● Listed entries:
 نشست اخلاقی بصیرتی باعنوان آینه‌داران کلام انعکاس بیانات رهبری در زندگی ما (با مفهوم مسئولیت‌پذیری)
---
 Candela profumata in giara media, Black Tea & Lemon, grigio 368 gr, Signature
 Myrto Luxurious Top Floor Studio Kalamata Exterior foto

● Task requirements: From the records above, repeat exactly the lines from the one with "Candela profumata in" through the one with "Myrto Luxurious Top", both included.

● Expected answer:
 Candela profumata in giara media, Black Tea & Lemon, grigio 368 gr, Signature
 Myrto Luxurious Top Floor Studio Kalamata Exterior foto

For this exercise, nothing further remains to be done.